▶ [Exercise requirements] Pictures excluded, output the lines of the data below between the one holding "Toro embiste a" and the one holding "深圳白领周末休闲推荐之深秋探寻田园古屋", inclusive, exactly as they stand.

▶ [Dataset extract]
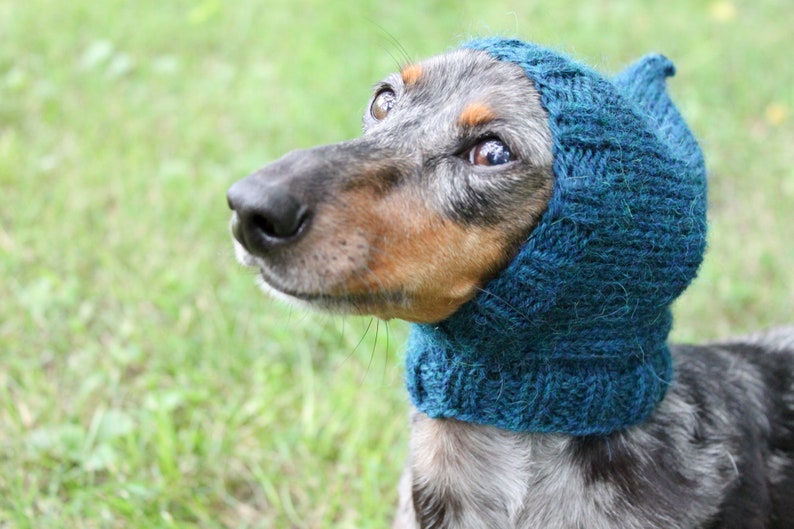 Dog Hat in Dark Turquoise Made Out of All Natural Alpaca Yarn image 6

---

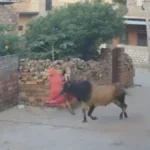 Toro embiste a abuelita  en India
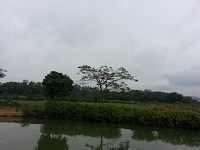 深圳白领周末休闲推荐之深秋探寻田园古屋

---

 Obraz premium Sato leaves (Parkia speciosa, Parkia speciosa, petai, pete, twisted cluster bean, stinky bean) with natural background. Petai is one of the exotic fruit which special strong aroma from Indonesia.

▶ [Answer space]
 Toro embiste a abuelita  en India
 深圳白领周末休闲推荐之深秋探寻田园古屋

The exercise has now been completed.